First, what's the cooling power we're getting? If we take the values from the ESR at face value (and one can argue whether we should do that or not), then we can estimate the cooling power from the 15K coolant temperature and pressure instrumentation at the ESR, plus the ESR flowmeter. Typical values from today are shown in the screenshots below. For a 15K, 12 atm supply the enthalpy is 67.2 J/g. For an 8 atm, 19K return it's 93.6 J/g. So we have a dH of 26.4 J/g of cooling power being sent to us from the ESR. At 20.5 g/s that means a whopping 540 W of cooling power, almost perfect for a 100 uA boiling study. 15 cm of LH2 will receive 530 W of heat from a 100 uA beam, and so we have 10 W of reserve heater power in principle. We need at least 50 W of reserve power, but it's close.
The ESR parameters are not 100% typical- usually the return pressure is a bit less than 3 atm, and the supply temp is usually 14K. But the ESR instrumentation says what it says. Note that the 15K supply temp on the ESR side will be warmer by the time it gets to us, and the 19K return temp I used is our loop temp, not the 19.5K return temp measured at the ESR. So the actual enthalpy available in Hall A will be a bit less than this.
BUT, what the hell, we only have about 220 W on our heater! Where is the missing 540-220=320 W of heat load? Some comes from the fan, we don't know for sure how much but 50-75 W is typical. Of course there is conductive and radiative heat loss to the outside world, maybe another 50 W. Is it possible we have ~200 W of heat loss in the transfer lines? That would be pretty awful, but not impossible. Unfortunately the coolant temperature information we have in Hall A does not work. You can see those temps in the cryostat secondary GUI- they read nonsensical values. Apparently those diodes are very old and no longer reliable. Too bad, if they worked we'd know for sure if it was the transfer line or not.
One last piece of info- the U-tubes for the target were pumped out before the run by the target group so they should be OK. The rest of the xfer line to the ESR is common with the HRS's so it can't be that bad.

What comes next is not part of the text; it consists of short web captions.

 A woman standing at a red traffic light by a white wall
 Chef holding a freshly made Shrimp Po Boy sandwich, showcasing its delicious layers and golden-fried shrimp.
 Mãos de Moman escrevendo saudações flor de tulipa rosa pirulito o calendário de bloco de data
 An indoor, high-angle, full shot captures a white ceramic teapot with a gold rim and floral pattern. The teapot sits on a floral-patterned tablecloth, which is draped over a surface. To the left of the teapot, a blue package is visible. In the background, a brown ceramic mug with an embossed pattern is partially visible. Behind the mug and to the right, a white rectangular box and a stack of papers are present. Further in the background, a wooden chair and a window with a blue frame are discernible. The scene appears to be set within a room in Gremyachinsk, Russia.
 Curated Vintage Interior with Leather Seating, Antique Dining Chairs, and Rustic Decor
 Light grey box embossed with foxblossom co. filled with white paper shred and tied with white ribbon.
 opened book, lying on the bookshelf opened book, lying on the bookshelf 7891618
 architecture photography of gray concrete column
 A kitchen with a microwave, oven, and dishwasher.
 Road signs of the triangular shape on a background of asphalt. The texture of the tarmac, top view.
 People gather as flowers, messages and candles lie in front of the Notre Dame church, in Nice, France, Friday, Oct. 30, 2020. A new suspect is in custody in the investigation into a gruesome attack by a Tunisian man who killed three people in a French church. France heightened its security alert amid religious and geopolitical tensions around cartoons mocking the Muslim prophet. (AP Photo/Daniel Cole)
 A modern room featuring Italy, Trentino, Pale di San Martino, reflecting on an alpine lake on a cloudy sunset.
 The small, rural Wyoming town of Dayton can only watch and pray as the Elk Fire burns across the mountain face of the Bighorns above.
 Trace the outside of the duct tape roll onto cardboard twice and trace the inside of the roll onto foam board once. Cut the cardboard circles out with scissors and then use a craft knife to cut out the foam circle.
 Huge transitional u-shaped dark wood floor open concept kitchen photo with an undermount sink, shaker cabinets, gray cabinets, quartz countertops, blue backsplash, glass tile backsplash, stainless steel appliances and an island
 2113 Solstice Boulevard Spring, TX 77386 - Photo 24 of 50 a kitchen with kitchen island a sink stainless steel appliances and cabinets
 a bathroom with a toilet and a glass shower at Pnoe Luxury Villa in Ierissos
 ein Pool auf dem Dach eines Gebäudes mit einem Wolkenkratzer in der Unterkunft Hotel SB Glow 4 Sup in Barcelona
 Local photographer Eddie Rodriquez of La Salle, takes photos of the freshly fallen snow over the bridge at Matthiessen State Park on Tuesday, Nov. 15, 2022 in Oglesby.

In any case, whatever the reason for the mystery heat load, it means we can't go much past about 40 uA on LH2 with the present coolant mass flow of 20.5 g/s if we still want about 50 W of reserve heater power. We can probably go to 50 uA if we raise the operating temperature of the loop from 19K to 20 K. Then the dH becomes 32 J/g (instead of 26.4 J/g) and at 20.5 g/s of coolant flow that provides another 100 W or so of cooling power (about another 5 uA reach in beam current). They ran briefly at 24 g/s this morning but had to back off for some reason I have forgotten.
Dave Meekins talked to cryo and says that our usual coolant mass flow ceiling of 24 or 25 g/s is not the actual ceiling at the moment because the loads in Halls B & C are low, and they are supplying us with 15K coolant rather than the more usual 14K coolant. The Hall C 4K load is not zero, but this seems to mean we can squeeze more than the usual 25 g/s out of the ESR and who knows, maybe we can actually get enough coolant for a full current test. It remains to be seen, and after all, we still don't know how much current can be delivered from the accelerator anyway. With what we have right now, 50 uA seems doable for sure with only modest stretching. More means crashing through our usual coolant flow ceiling, which cryo apparently says should be doable at the moment.